The numbers tell a deeply worrying story of a level of suffering that is  driven by conflict and climate change.
The numbers tell a deeply worrying story of a level of suffering that is  driven by conflict and climate change.

Despite international efforts to address food insecurity, around 108 million people in the world were severely food insecure in 2016, a dramatic increase compared with 80 million in 2015, according to a new global report on food crises released in Brussels.

The report, whose compilation required integrating several measurement methodologies, represents a new and politically innovative collaboration between the European Union and USAID/FEWSNET, regional food security institutions together with UN agencies including the Food and Agriculture Organization, the World Food Program and UNICEF.

The dramatic increase reflects the trouble people have in producing and accessing food due to  conflict, record-high food prices in local markets in affected countries and extreme weather conditions such as drought and erratic rainfall caused by El Nino.  

Civil conflict is the driving factor in nine of the 10 worst humanitarian crises, underscoring the strong linkage between peace and food security, says the Global Report on Food Crises 2017, wfp.org reported.

“This report highlights the critical need for prompt and targeted action to effectively respond to the food crises and to address their root causes.

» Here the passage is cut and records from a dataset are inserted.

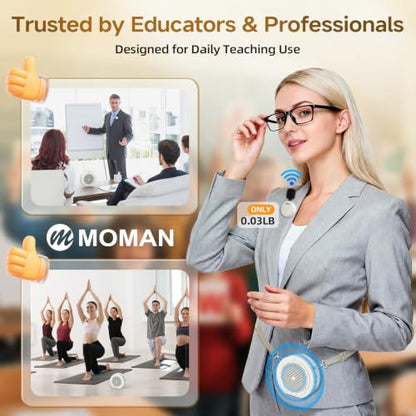Moman Wireless Voice Amplifier with Lavalier Mic, 20H Battery 164ft Range Sensitive Pickup Noise Reduction PA System Bluetooth Portable Magnetic Charging Dock, Amplifier for Teacher Yoga Tour, White - color: White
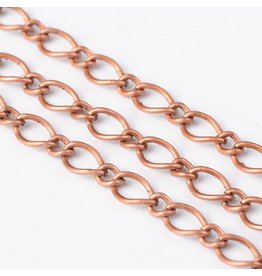 #1 Figaro Chain 3x6mm and 2.5x3mm Antique Copper  1 Foot NF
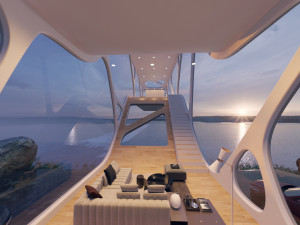 Beach Mountain cliff house Modern Organic architecture 3ds max corona 3D Model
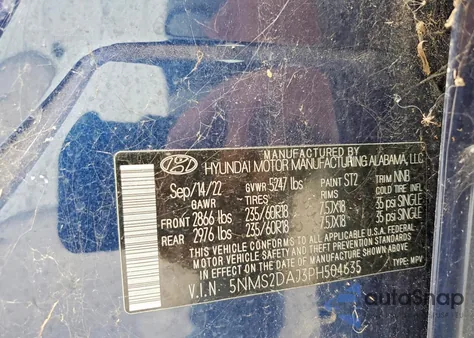 2023 Hyundai Santa Fe Sel z USA, uszkodzony, nr VIN 5NMS2DAJ3PH504635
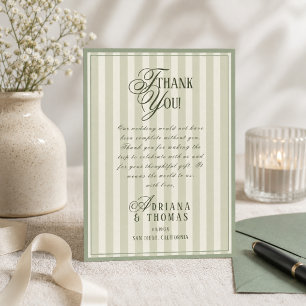 Tarjeta De Agradecimiento Boda Marfil Verde Dinero Antiguo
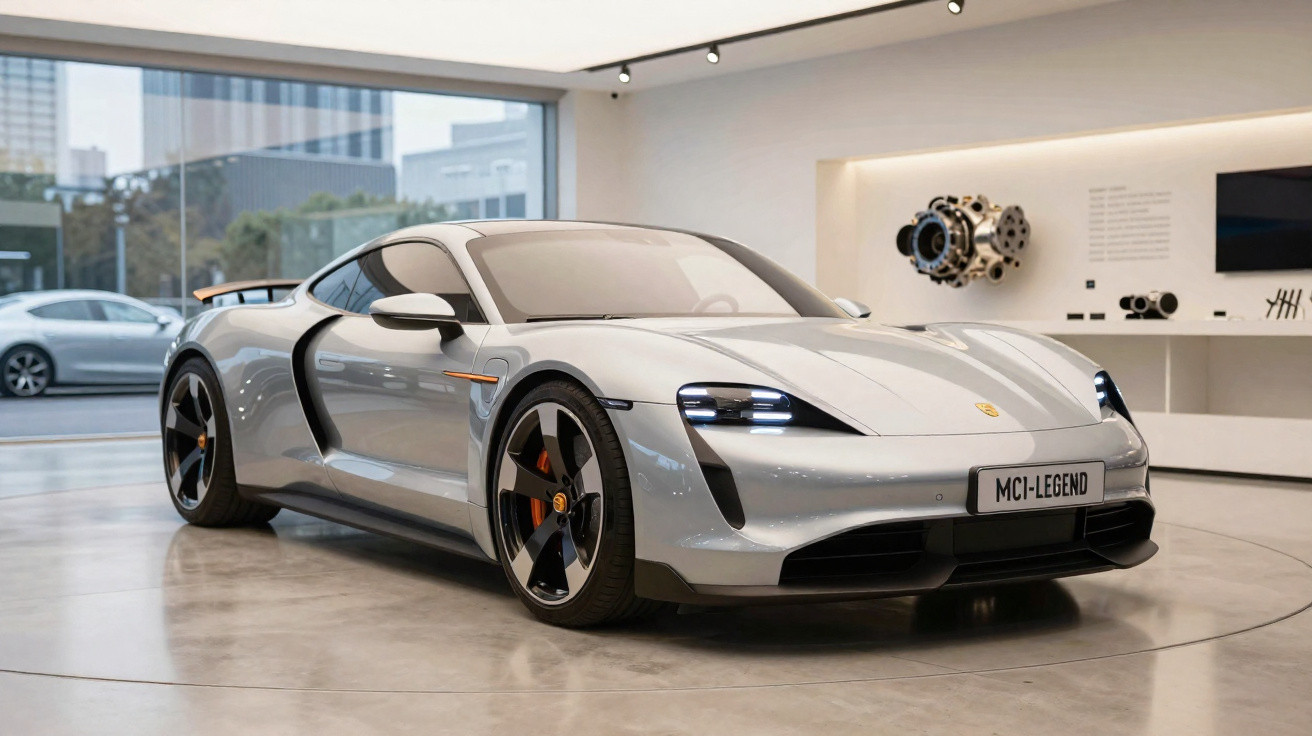 Carro esportivo prata estacionado dentro de showroom moderno com iluminação natural e artefatos automotivos.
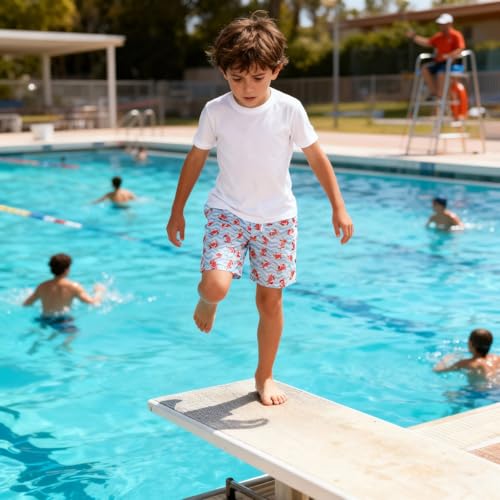 Cozople Boys Kids Swim Trunks with Compression Liner Crabs Printed Swim Shorts Swimming Trunk Anti Chafe Bathing Suits Boxer Brief Swimsuits Swimwear Size 14-16 - Image 4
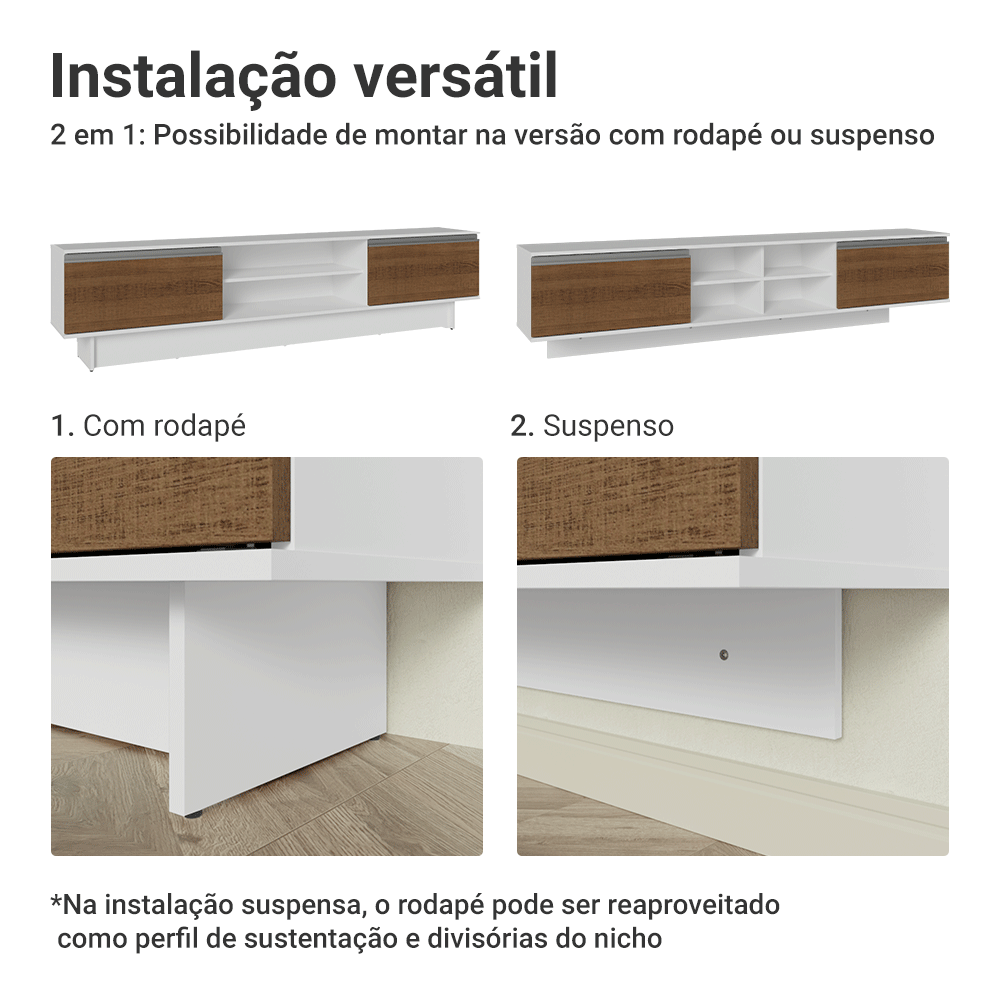 Rack Suspenso para TV até 80 Polegadas 218 cm 2 Portas Branco/Rustic Glamy Madesa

The EU has taken leadership in this response,” said Neven Mimica, Commissioner for International Cooperation and Development.

“In 2016, we allocated €550 million already, followed by another €165 million that we have just mobilized to assist the people affected by famine and drought in the Horn of Africa”.

 From Bad to Worse

This year, the demand for humanitarian and resilience building assistance will further escalate as four countries are at risk of famine: South Sudan, Somalia, Yemen and northeast Nigeria.

Other countries that require massive levels of assistance because of widespread food insecurity are Iraq, Syria (including refugees in neighboring countries) Malawi and Zimbabwe.

In the absence of immediate and substantive action not only to save people’s lives, but also to pull them back from the brink of famine, the food security situation in these countries will continue to worsen in coming months, according to the new report.

“The cost in human and resource terms only increases if we let situations deteriorate,” said FAO Director-General José Graziano da Silva. “We can prevent people dying from famine but if we do not scale up our efforts to save, protect and invest in rural livelihoods, tens of millions will remain severely food insecure.”

The numbers tell a deeply worrying story with more than 100 million people severely food-insecure, a level of suffering which is driven by conflict and climate change. Hunger exacerbates crisis, creating ever greater instability and insecurity.

“What is a food security challenge today becomes tomorrow’s security challenge,” said Ertharin Cousin, executive director of the World Food Program.

The 108 million people reported to be facing severe food insecurity in 2016 represent those suffering from higher-than-usual acute malnutrition and a broad lack of minimally adequate food even with external assistance.

This includes households that can cope with their minimum food needs only by depleting seeds, livestock and agricultural assets needed to produce food in the future. Without robust and sustained action, people struggling with severe food insecurity risk slipping into an even worse situation and eventual starvation.